Gormes

Gormes Takeaways

Gormes Takeaways

Do Not Rebuild The Hermes Monolith

Hermes proves the feature set. It does not prove the right implementation shape for Gormes. The better Gormes architecture is smaller and stricter:

Gateway/TUI/CLI/cron input
        |
        v
admission, trust class, command policy
        |
        v
single-owner kernel turn loop
        |
        +--> stable prompt assembler
        +--> provider-neutral stream contract
        +--> typed tool executor
        +--> memory/context providers
        +--> durable audit and session state
        |
        v
SQLite, JSONL audit, gateway delivery, optional external integrations

The kernel should never become a Go version of run_agent.py. Its job is to own turn state, stream events, tool continuation, cancellation, and finalization. Prompt assembly, provider adapters, tools, memory, gateway commands, and plugins should remain separately testable packages.
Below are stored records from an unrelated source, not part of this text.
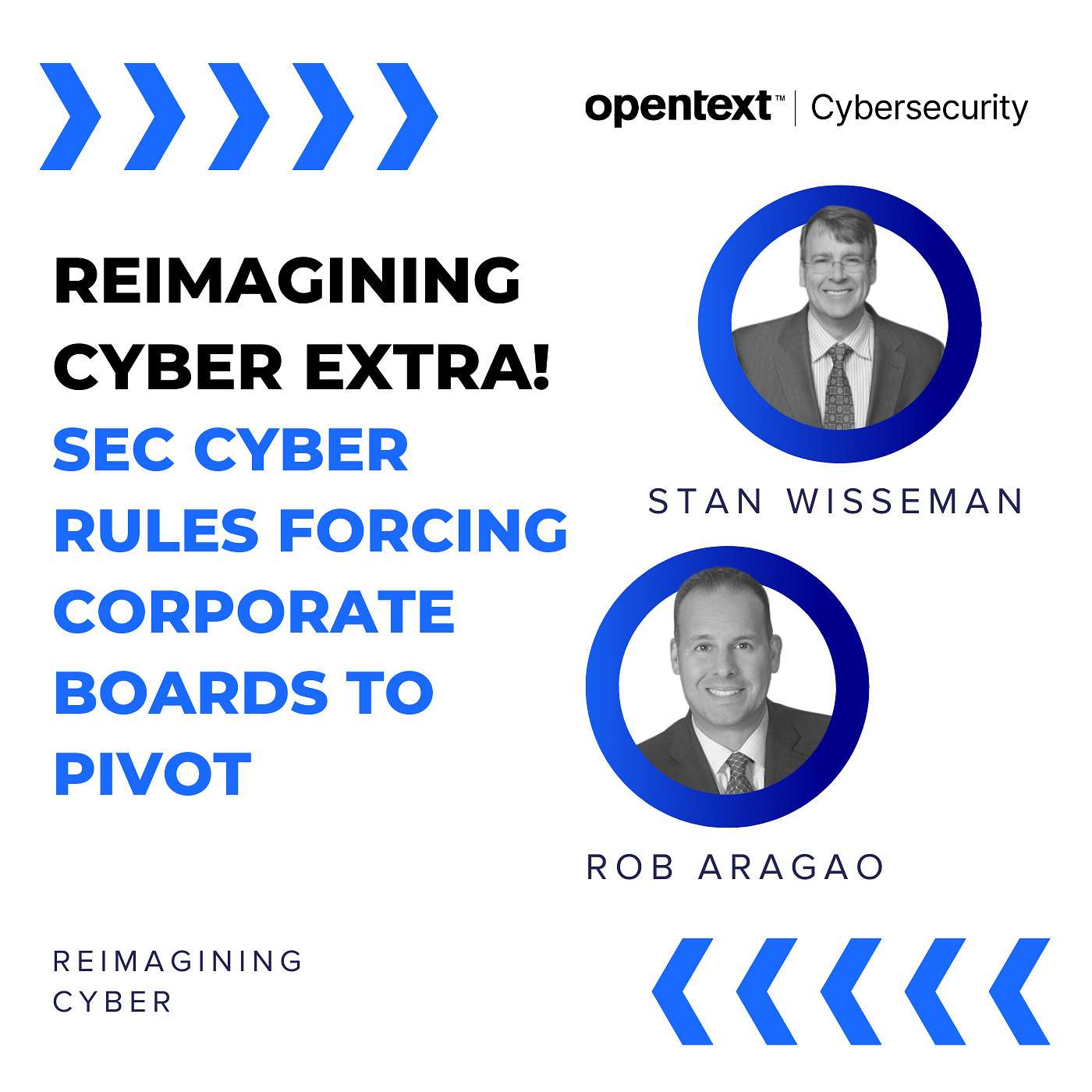 Reimagining Cyber - real world perspectives on cybersecurity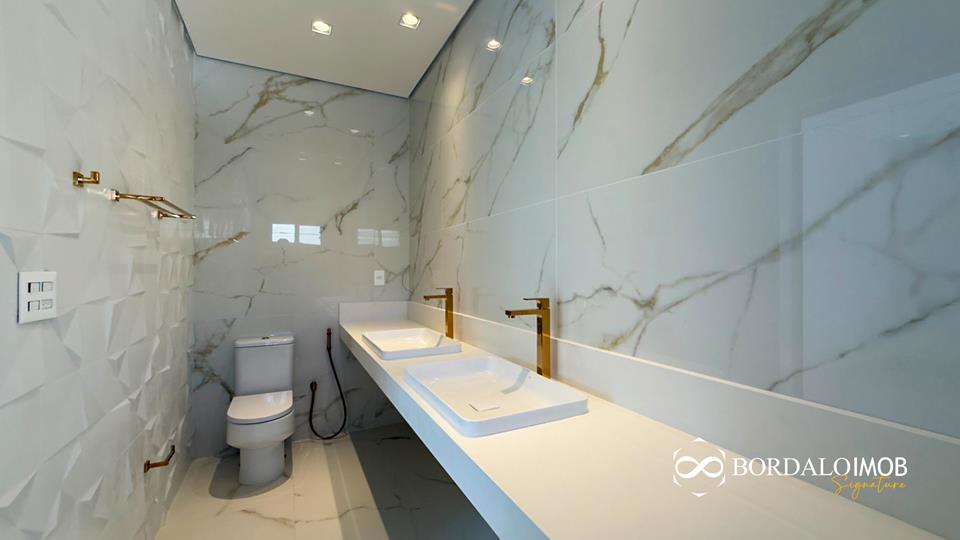 SMPW Quadra 7 - Casa Térrea em Condomínio Alto Padrão 5 Suites Lazer Completo e Aceita Financiamento  - Foto 26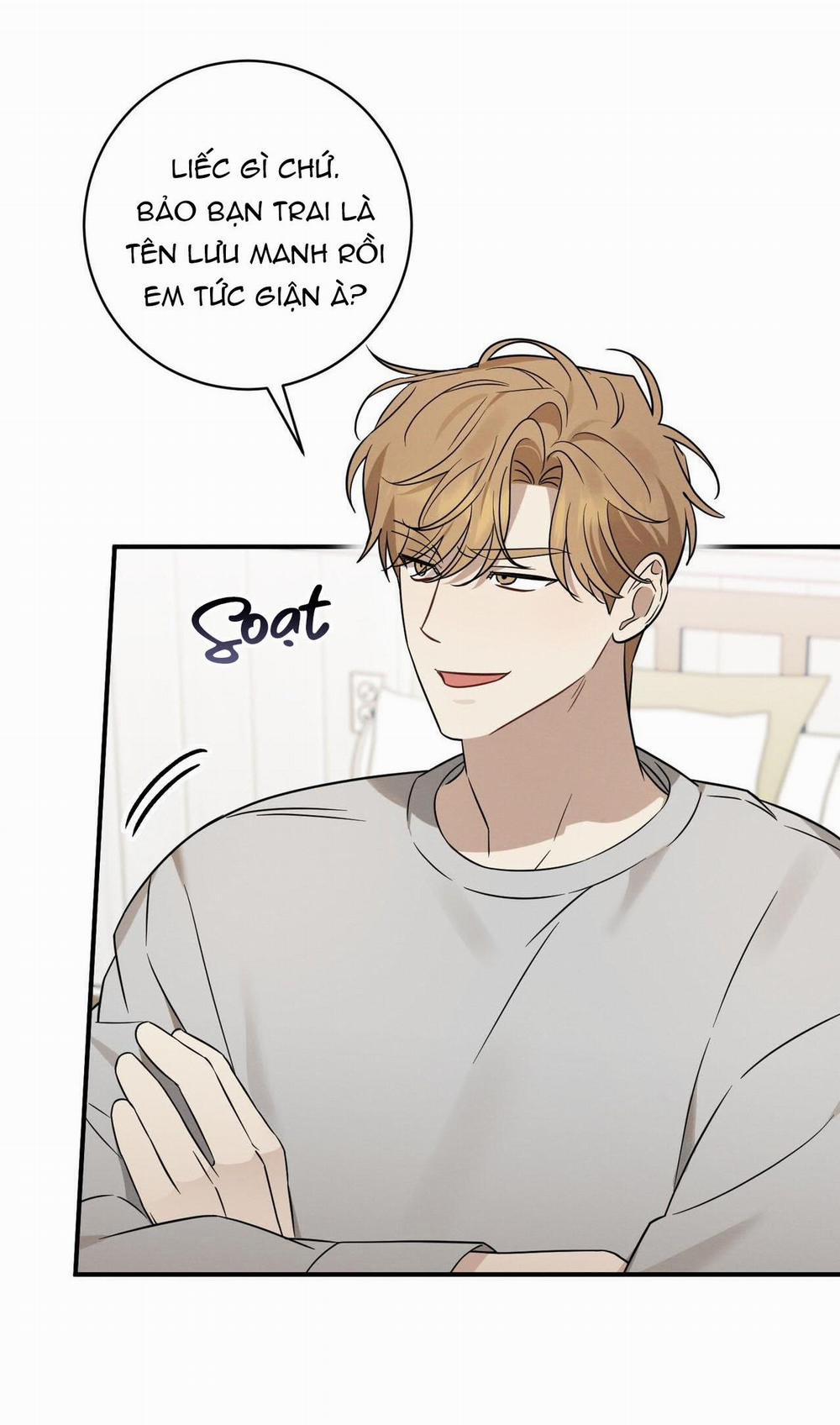 TÌNH YÊU MẬN NGỌT 37 trang 16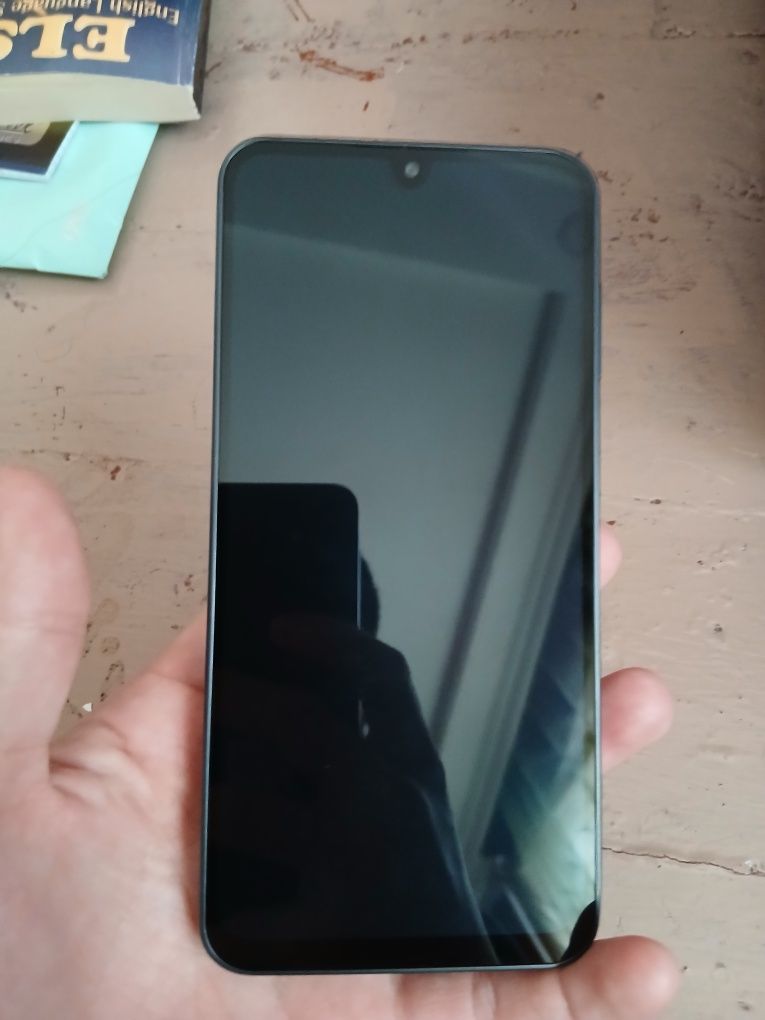 Samsung A16 1 yil garantiyasi bilan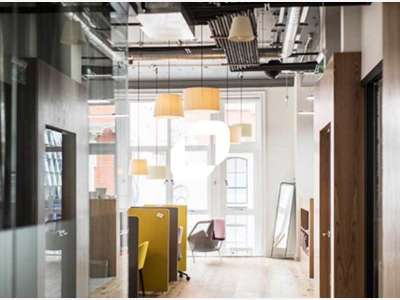 A louer Bureaux 2872m² Boulogne billancourt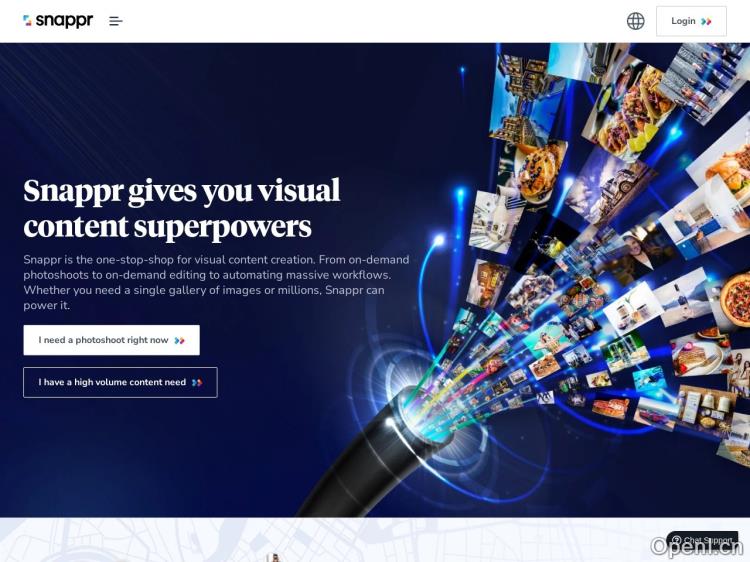 Snappr Photo Analyzer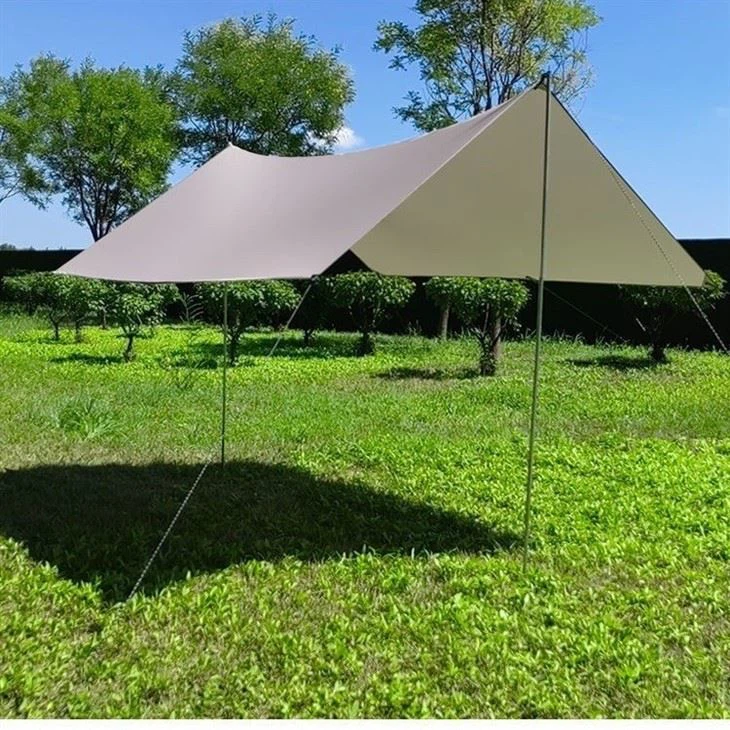 CARBON FIBER SUNSHADE POLE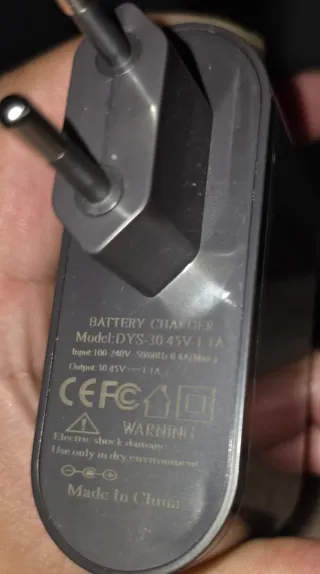 Caricatore Dyson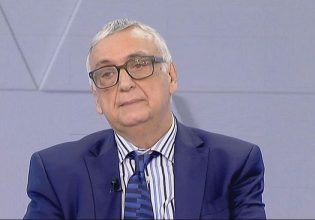 Δημήτρης Σούρας: Στις 12:00 στο Α’ Νεκροταφείο η κηδεία του γνωστού ψυχίατρου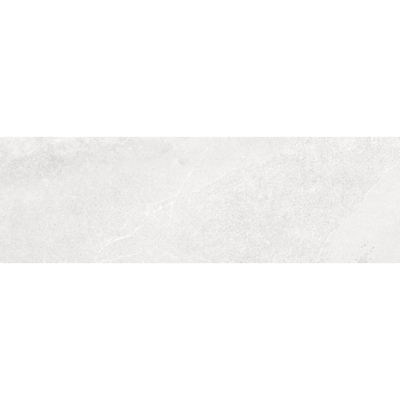 Colorker Premiere Carrelage mural - 31.6x100cm - 9.7mm - rectifié - White mat (blanc)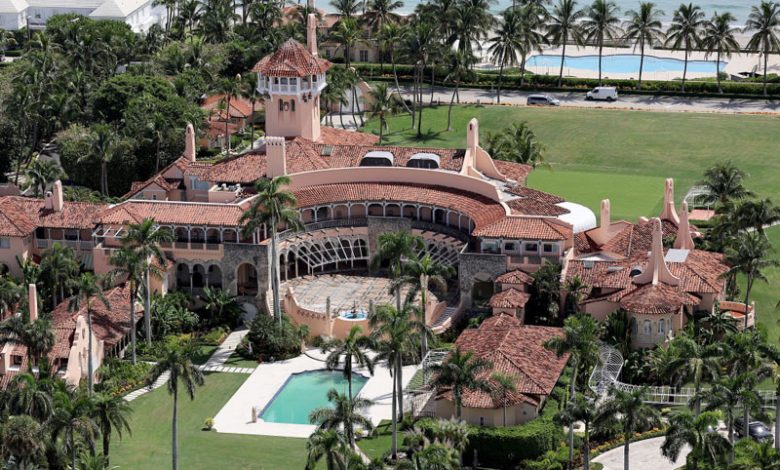 Tiêm kích Mỹ chặn máy bay dân sự gần Mar-a-Lago của Trump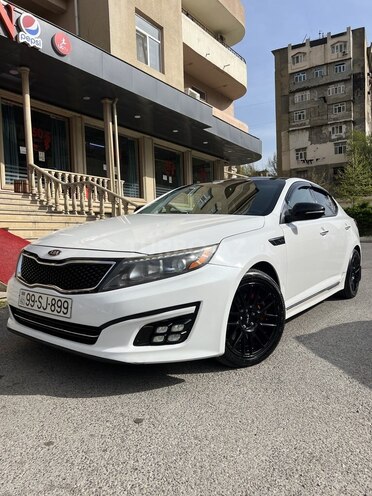 Kia Optima 2015, 147,000 km - 2.0 l - Bakı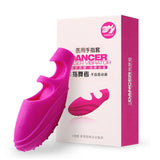 vibrator waterproof finger clitoris vibrator sex toys | Finger vibrator clitoris G point stimulator massager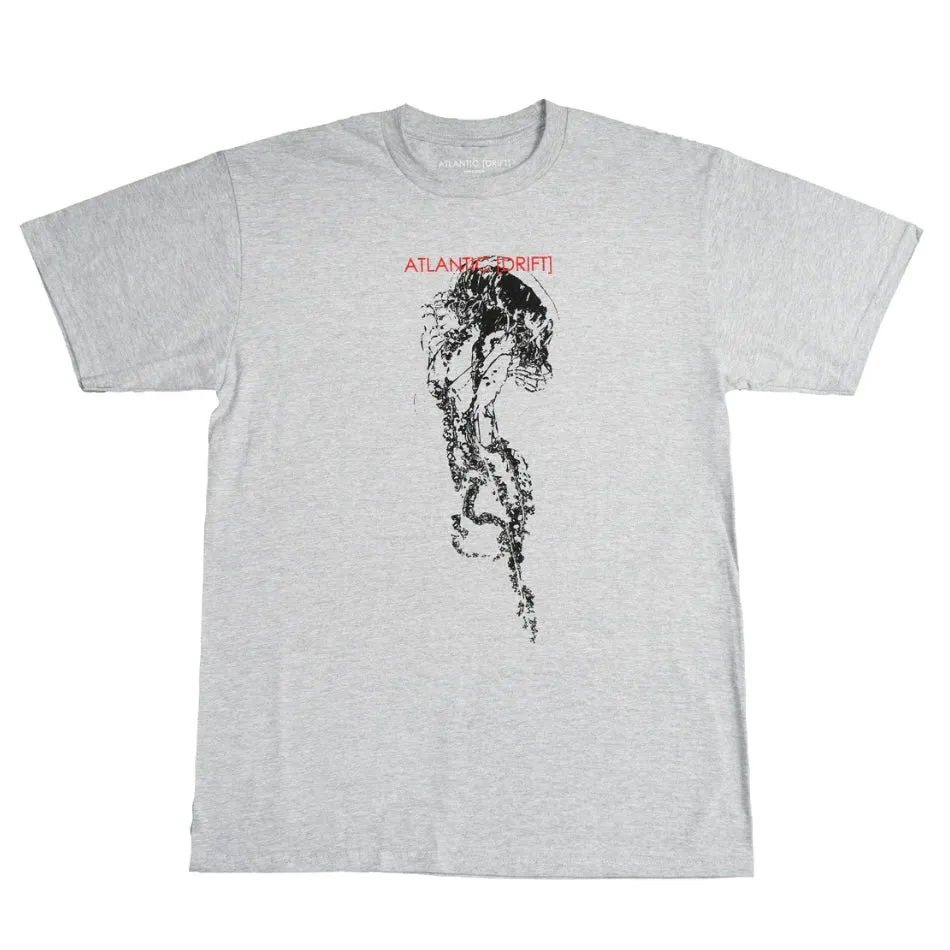 Atlantic Drift  Jelly Up Tee // Grey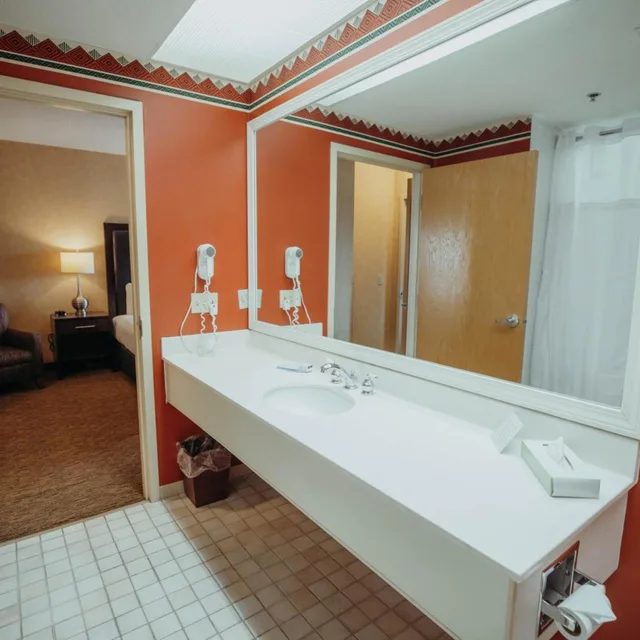 جناح بسرير كينج، Wildwood Lodge 5/6
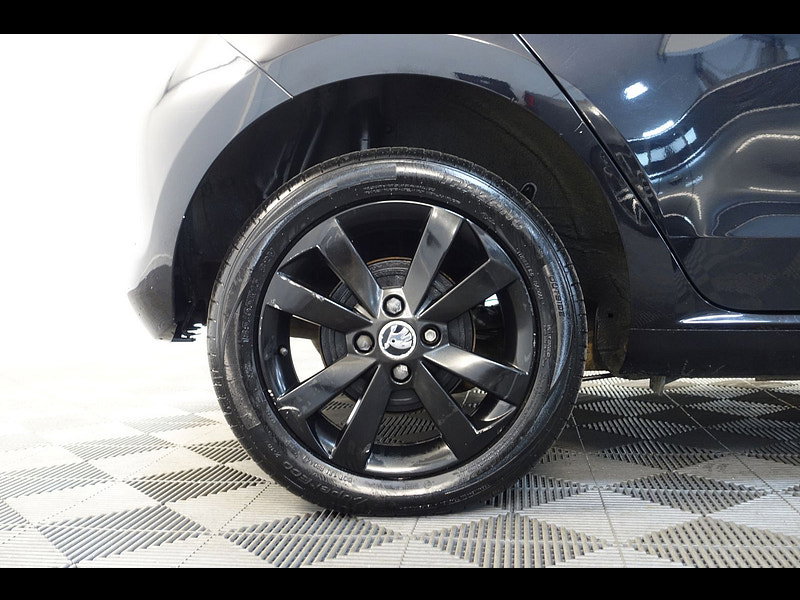 Skoda Citigo 1.0 MPI Black Edition Hatchback 5dr Petrol Manual Euro 5 (60 ps)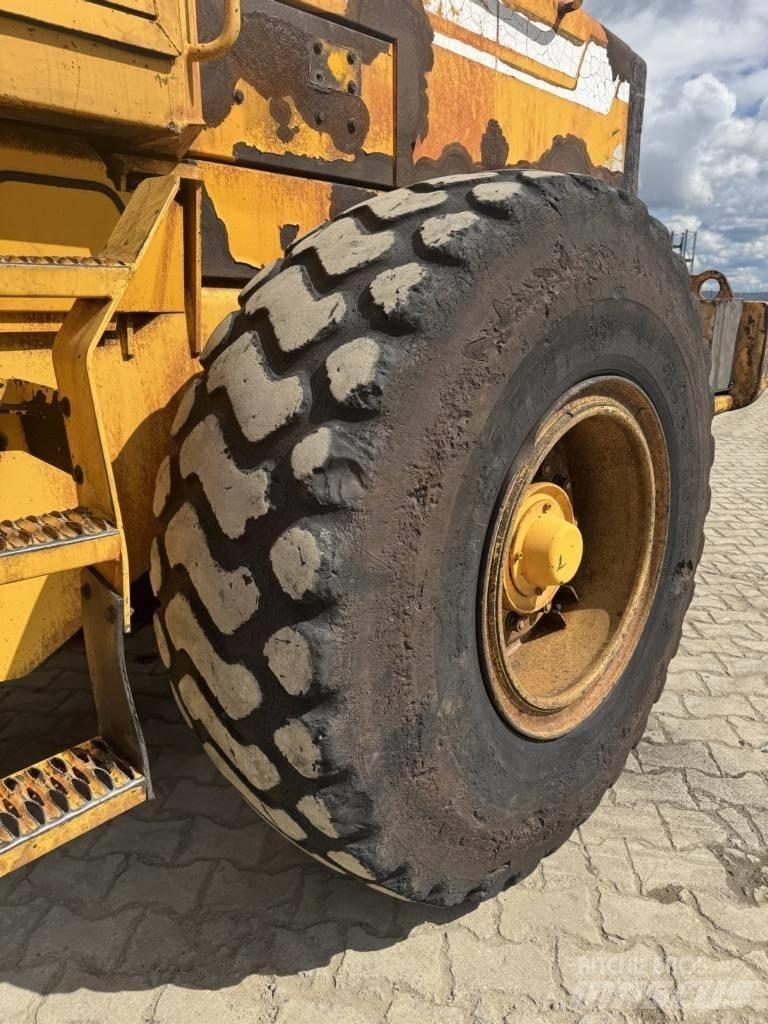 Volvo L 70 C Carregadeiras de rodas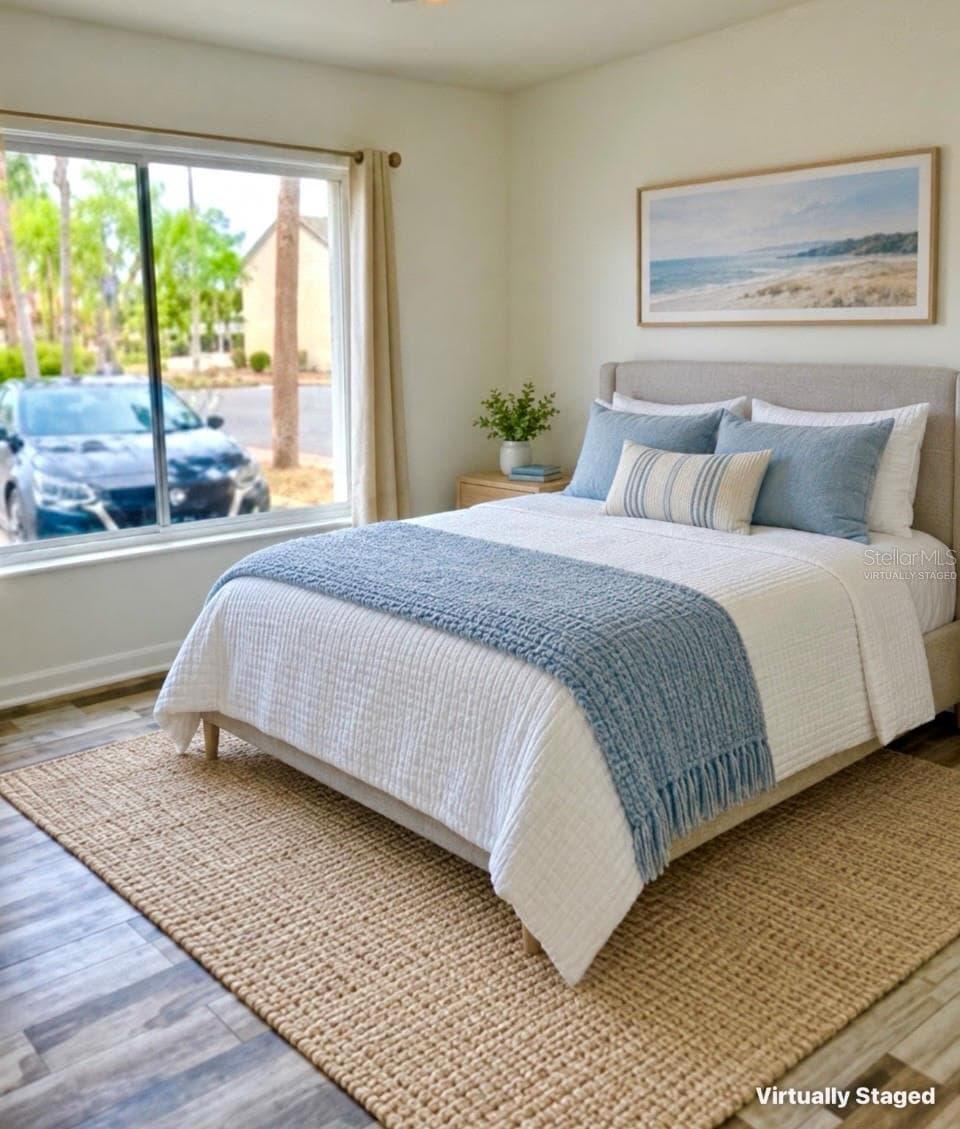 Virtually staged - 2724 HIDDEN LAKE BLVD #A, SARASOTA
1. Keep The Provider Contract Small

internal/hermes/client.go is the right direction. Preserve a provider-neutral contract around:

  • request messages;
  • stream events;
  • reasoning deltas;
  • final finish reason;
  • assistant tool calls;
  • tool-result continuation messages;
  • token usage;
  • retry/error classification.

Provider adapters should own API-mode details. The kernel should not know whether the backend is Anthropic Messages, OpenAI Responses, Bedrock Converse, OpenRouter, Gemini, or a custom OpenAI-compatible server.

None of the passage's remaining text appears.